Data lineage tracking is the process of actively tracing your data’s journey from one point to another point within your data landscape.
In order to track data lineage, your data systems need to leave trail markers that can be read by a data lineage tracking tool. Once that is in order, you must have a data lineage tracking tool that can read those markers and understand what that means in terms of the data’s progress and process. Good data lineage tracking tools will have clear, visual ways to convey this lineage information to users.
Different methods for how to track data lineage
Tracking data lineage is like being a law enforcement officer trying to track a suspect as he travels. There are multiple ways one could stay on a suspect’s tail:
Overhear the suspect’s travel plans:
If you eavesdrop on your suspect’s device and see him use Waze to plot a course from Manhattan (where he is now) to Philadelphia, then order an Uber to Philadephia, you have a pretty good idea of where he is going. Similarly, data lineage tracking tools can use query history and ETL scripts to see what travel instructions are guiding a data asset’s course.
Keep tabs on the suspect’s means of transport:
If you get your hand on a report or receipt issued by the Uber driver, noting his Manhattan pickup and subsequent transport to an address in Philadelphia, you’ll be able to know exactly where your suspect ended up after that ride. Similarly, data lineage tracking tools can use Kafka events emitted by source systems to know how the data was processed by that system and to where it was sent.

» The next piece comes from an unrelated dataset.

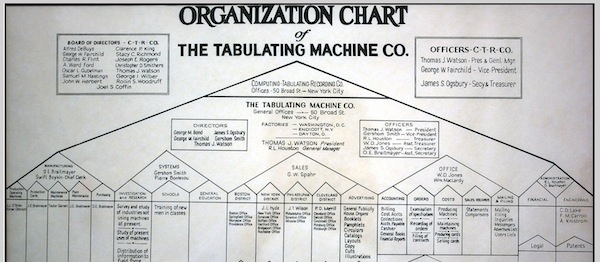 Intel Organizational Chart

Put a GPS or RFID tag on the suspect that will note and record any changes in location:
It’s a little trickier and more hands-on to place some type of tracking tag on your suspect’s person. But if you can manage it, the tag will send back excellent, direct tracking information as long as it stays on the suspect. Similarly, some data lineage tracking tools use version-control systems to create lineage of data objects. Any change on an object is registered and stored, building a comprehensive, immutable audit trail for tracking what happened to the data.
Key qualities for data lineage tracking tools
The most important quality for a data lineage tracking tool is that it integrates the other components of your data stack, such as ETL, storage, analysis and reporting. If a data lineage tool cannot integrate with a component of the stack, that piece will remain a black box for the purposes of data lineage tracking, considerably lowering your data visibility.
Another key quality is the user-friendliness of the data lineage tracking tool and its user interface. Easy-to-understand visualizations are essential for non-technical users, but even technical users can benefit from clarity and ease of use, enabling them to accomplish more, faster.